You might be further away from the main attractions or downtown center than if you had booked a hotel, but because you have plenty of time, all you really need is a plan. Here are our hard-earned tips and tricks to traveling locally when housesitting.
Pre-trip research is key
The first thing we always do before arriving in the area is to research the destination as much as possible. That means using sites like Wikitravel.org, Tripadvisor.com and a whole host of travel blogs and websites to find out about major attractions and off-the-beaten path things to do within a day’s reach, always keeping in mind what kind of pets we will be caring for at each particular housesit. For example, if we are caring for cats, then we can be gone for longer periods of time thanks to feline self-sufficiency, whereas if we have dogs at home, we either figure out how many of the attractions we can take the dog(s) to, or shorten the number of hours we can be away from the house.
The homeowner is your local concierge
When we arrive to each housesit, we ask the homeowners their advice on what to do. In many cases, the people who have housesitters are also avid travelers, since they are leaving you with their house as they go travel for weeks or months at a time. On a handful of occasions, homeowners have actually had a big box filled with guidebooks, maps and tons of brochures covering everything there is to do in the area. Homeowners have given us great tips, like nearby waterfalls, hikes or river views not mentioned in any guidebooks.

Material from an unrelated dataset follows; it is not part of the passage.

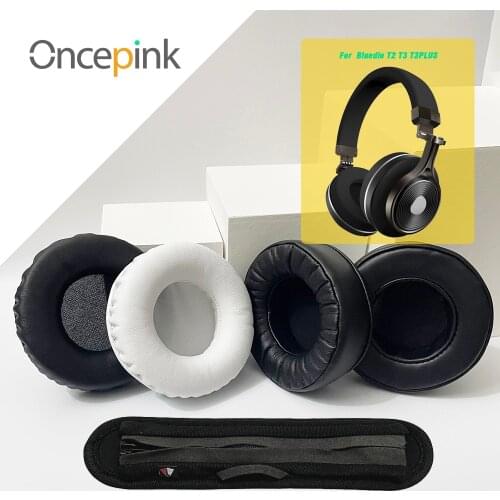 Oncepink Replacement EarPads Headband For Bluedio T2 T3 T3PLUS Headphone Ear Cushion Cover Repair Parts Earphones Accessories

Even when the homeowners are not so travel savvy, we still try to solicit useful local knowledge from them, such as must-try food and drinks native to the area. For example, when we were in Canada, we were told that we not only had to sample Poutine (which we already knew), but also Beaver Tails, a delicious pastry which we had never heard of. In Italy, we focused our attention on local wine (of course!) but also checking out trattorias that only locals in our small village ate in.
Let the dog be your ambassador
If there is a dog in your care while housesitting, let him or her sniff out their human friends and introduce you. The neighbors or people in the dog park recognize the dog and come over to you for a chat. This is a great way for more local travel tips and also the chance to make a few local friends as well.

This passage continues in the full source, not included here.